"I told you, there is nothing formal between Miss Dixon and me."
"Does she know that?"
He started to speak, then had the grace to close his mouth and look uncomfortable.
"I can fool everyone but myself, Capt--David. We both know there is a strong attraction between us. And nothing can come of it. Nothing permanent. But for the moment I am willing to follow your piratical advice and seize the day."
David put out his hand, but did not stop her as she exited his cabin. Charley turned and nearly bumped into Mr. Bryant, who nodded and said, "Doctor," then knocked on the Captain's door.
"Lookout's spotted running lights, Captain."
"I will be right there, Mr. Bryant," she heard David say before she entered her dark sick bay.
Charley tossed and turned in her cold bunk, her conversation with Davy Fletcher running through her mind. She finally gave up on sleep and went up on deck. The men were bustling about with quiet excitement, taking their stations with conversations brought to a whisper and much dousing of lights.

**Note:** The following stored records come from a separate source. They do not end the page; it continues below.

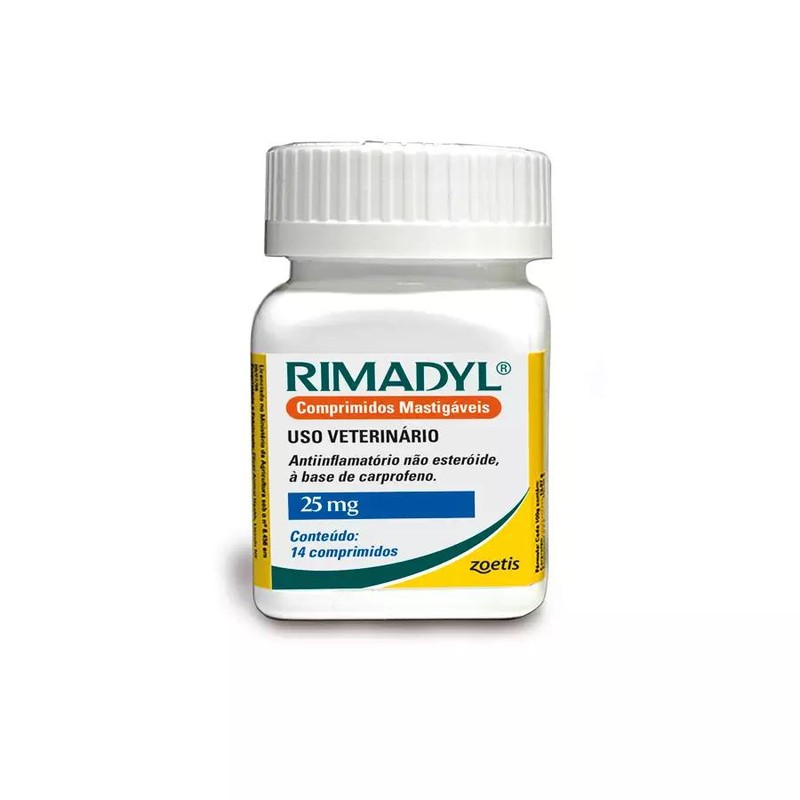 Zoetis Rimadyl Blister - 14 Comprimidos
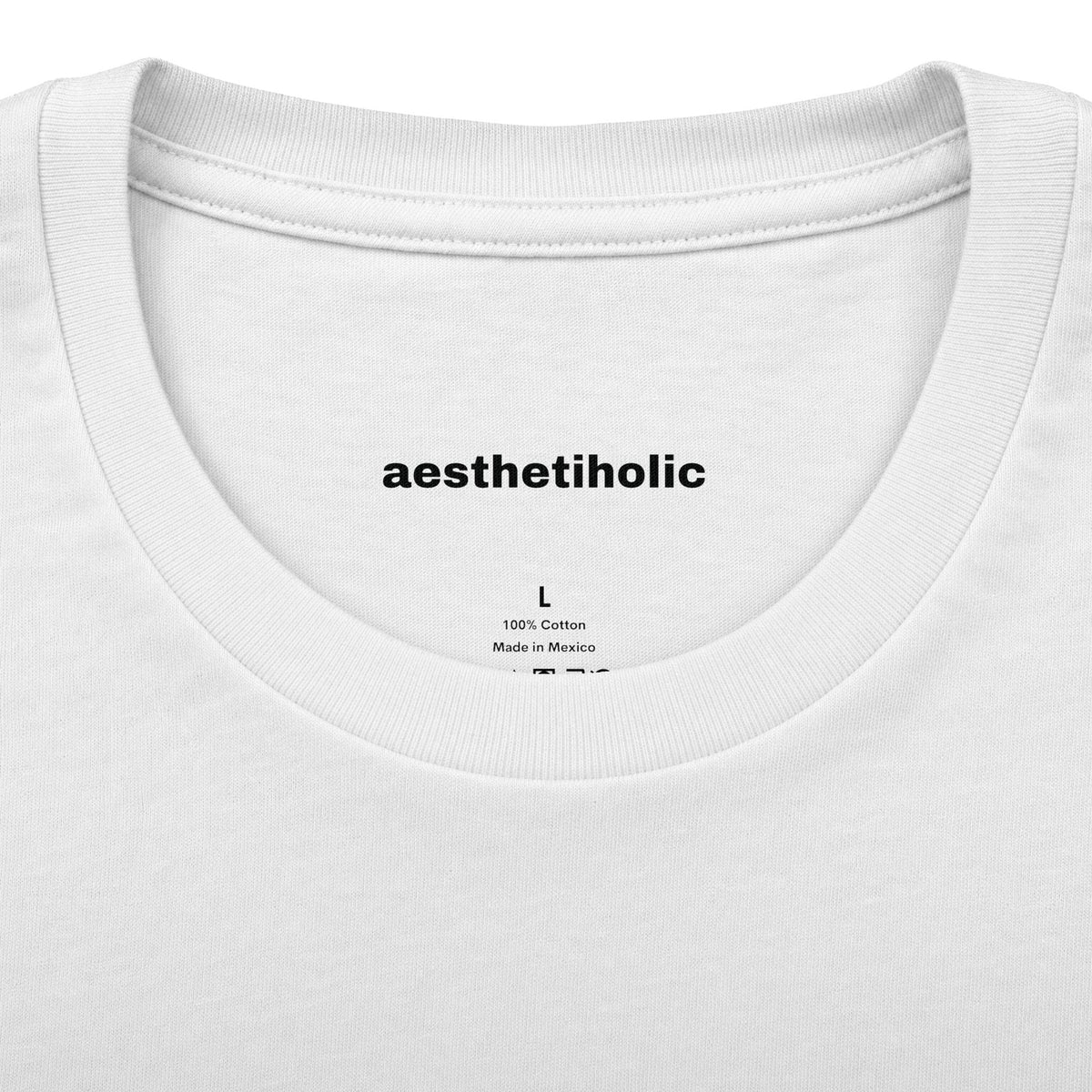 Unisex Cotton Crew Tee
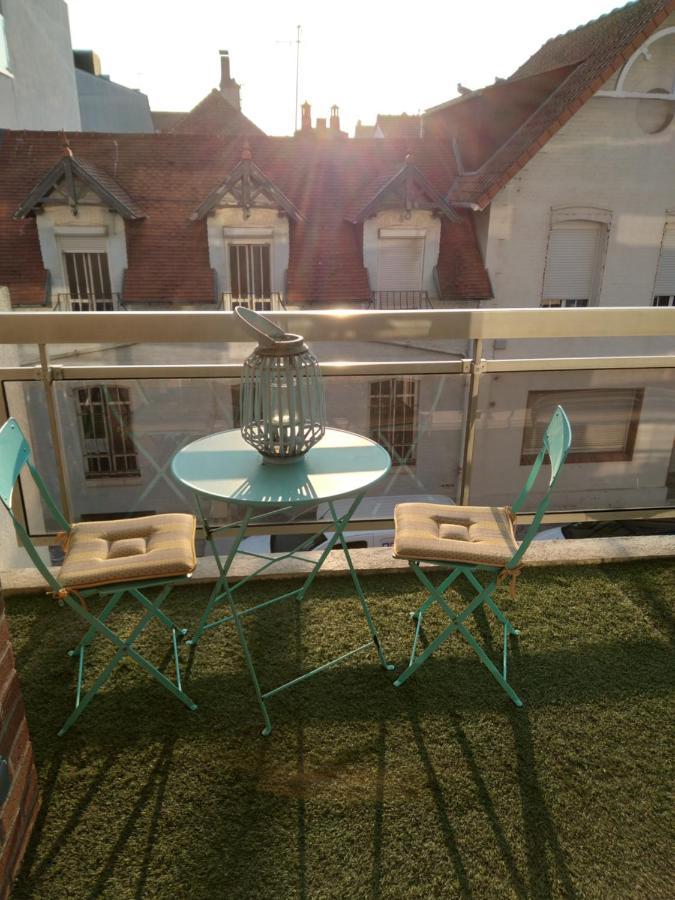 Magnifique Appartement Double Cabine Le Touquet Exteriér fotografie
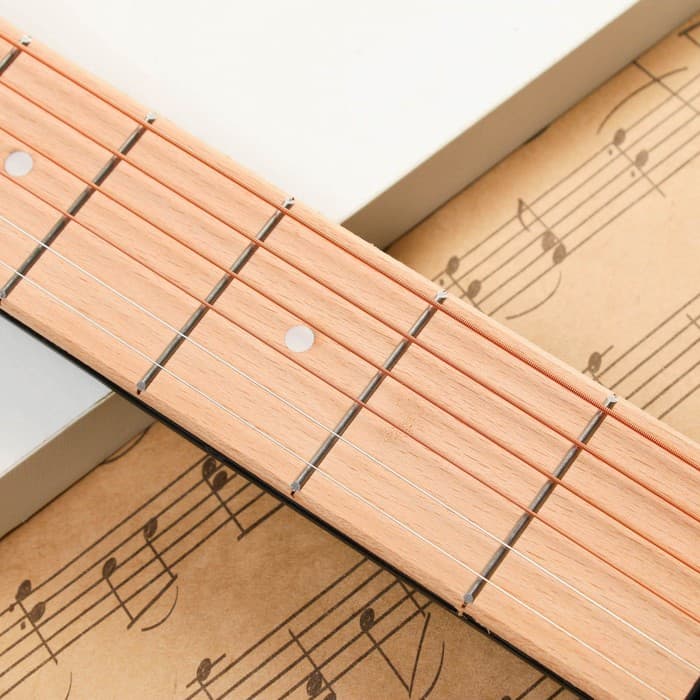 Тренажёр гитариста гриф Music Life, черный, 27×6×3 см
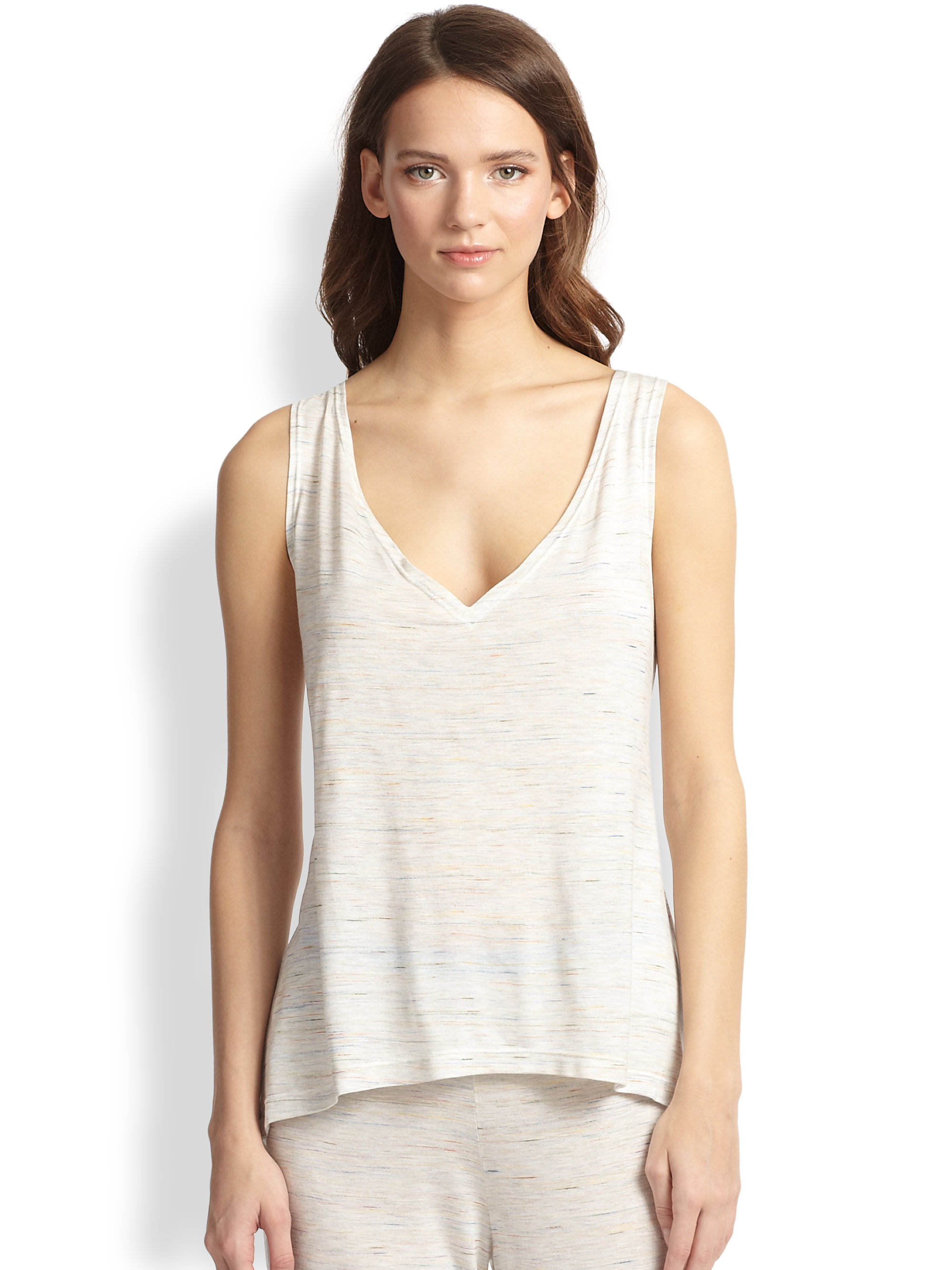 Cosabella Chine Racerback Camisole in Beige (NATURAL) Lyst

Captain Fletcher stood with his nightglass, training it on something in the distance that to Charley looked like a glimmer of light on the water. The
Fancy
was running dark, all visible lights doused to hide them from their prey.
Pirate wound himself around her ankles and Charley picked the cat up, holding him close.
"What is it?"
"Quietly, Doctor. Sound carries across the water." He didn't take his eye away from his glass, and spoke in low tones to the officer at his side. "Stay with her, Mr. Bryant. We'll know more with the dawn."
He turned to Charley and added, "You should get rest while you can, Doctor. Your services may be needed."
He was focused on his ship, and his potential prey, and was already turning away from her and talking to Jenkins. Charley wanted to stay above, but knew she would only be in the way and an unnecessary distraction to the crew, so she went below and dozed in her bunk, her dreams troubled and full of bloody images.
The dawn brought more noise from the crew as the light grew, and when Charley came back up on deck the excitement was palpable. She took some of the food hastily thrown together by Cook before he doused his fire. Charley savored her coffee, knowing it might be the last of the day.
Her eyes tracked the
Fancy
's commander while Jenkins filled her in on the details.
"It could be a merchantman, riding low as it is, Doctor. Whatever, that ship's hold is full of something, and Black Davy aims to check it out for himself!"
"Are you expecting a fight?"
Jenkins looked at her oddly. "We always expect a fight, Doctor. Being prepared is what keeps us alive, and successful."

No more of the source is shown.